Ausgabe 6 - 2005 berliner stadtzeitung
scheinschlag
 

 

Sexuell Gestörte oder wahre Heilsversprecher

Der Sammler als geisteswissenschaftliches Forschungsobjekt

„Es sind hochaufgeschossene, hagere Figuren, und die Blicke schießen aus ihnen wie Flammenzungen." So beschreibt Walter Benjamin die Sammler. Besonders sympathisch scheinen sie ihm nicht gewesen zu sein, obwohl er sich hier sogar nur auf die Kunstsammler bezieht, die immerhin ein gewisses Renommee in unserer Gesellschaft genießen – sofern sie ihr in Sammlungen investiertes Kapital ehrenhaft erworben haben. Kunstsammler können ihre Manie zumindest damit entschuldigen, daß sie Werke anhäufen, denen auch von anderen Menschen ein Wert an sich zugesprochen wird und die sie in der Regel einer dankbaren Öffentlichkeit zur Schau stellen.

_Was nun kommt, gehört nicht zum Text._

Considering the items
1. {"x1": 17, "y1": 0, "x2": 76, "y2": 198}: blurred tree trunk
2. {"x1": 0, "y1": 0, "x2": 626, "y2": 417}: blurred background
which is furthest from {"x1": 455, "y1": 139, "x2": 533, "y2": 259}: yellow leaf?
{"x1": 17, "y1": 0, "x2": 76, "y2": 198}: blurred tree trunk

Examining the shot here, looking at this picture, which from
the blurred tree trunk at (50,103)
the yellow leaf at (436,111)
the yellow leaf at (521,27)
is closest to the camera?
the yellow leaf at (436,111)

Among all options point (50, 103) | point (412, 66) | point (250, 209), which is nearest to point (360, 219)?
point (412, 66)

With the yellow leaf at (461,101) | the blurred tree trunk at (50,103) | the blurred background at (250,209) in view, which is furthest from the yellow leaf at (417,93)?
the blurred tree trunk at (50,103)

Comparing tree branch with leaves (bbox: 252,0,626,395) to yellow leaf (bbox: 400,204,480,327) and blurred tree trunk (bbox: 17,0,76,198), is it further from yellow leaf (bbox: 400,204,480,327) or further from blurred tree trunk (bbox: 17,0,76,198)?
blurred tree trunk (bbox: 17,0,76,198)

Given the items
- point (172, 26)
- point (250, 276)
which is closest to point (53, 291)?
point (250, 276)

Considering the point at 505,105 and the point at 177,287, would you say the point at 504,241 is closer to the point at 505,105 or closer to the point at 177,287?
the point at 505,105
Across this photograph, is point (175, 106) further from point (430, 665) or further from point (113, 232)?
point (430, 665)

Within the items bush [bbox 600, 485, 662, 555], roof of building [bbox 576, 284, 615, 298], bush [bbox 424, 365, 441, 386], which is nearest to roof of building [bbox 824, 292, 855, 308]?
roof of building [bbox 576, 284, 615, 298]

Sammler von Streichholzschachteln, Kotztüten, Bierdeckeln oder Figuren aus Überraschungseiern dagegen ernten im allgemeinen Spott oder gar Mitleid. Sie gelten als verschroben, sozial gestört, neurotisch. Daß Freud ­ von dem übrigens kolportiert wird, er habe Skarabäen, Ringe und Statuetten gesammelt ­ die von Sammelwut Heimgesuchten munter psychopathologisierte, verwundert dabei weniger, tat er das doch eigentlich mit allen Mitmenschen. Doch auch Jean Baudrillard folgt der psychoanalytischen Schule, wenn er den Sammlern gleichfalls unterstellt, sie seien sexuell regressiv, verfangen in der analen Stufe, die sich durch anhäufendes und ordnendes Verhalten, durch „aggressive Zurückhaltung" verrät. Zwar hält er das Sammeln nicht schlicht für eine sexuelle Ersatzbefriedigung, doch kommt auch er zu dem messerscharfen Schluß: „Das Sammeln einerseits und die aktive genitale Geschlechtsbeziehung anderseits schließen einander wechselseitig aus." Wie sich ausgerechnet die Einladung, der Angebeteten die Briefmarkensammlung zu zeigen, als Synonym eines Verführungsversuches durchsetzen konnte, bleibt rätselhaft.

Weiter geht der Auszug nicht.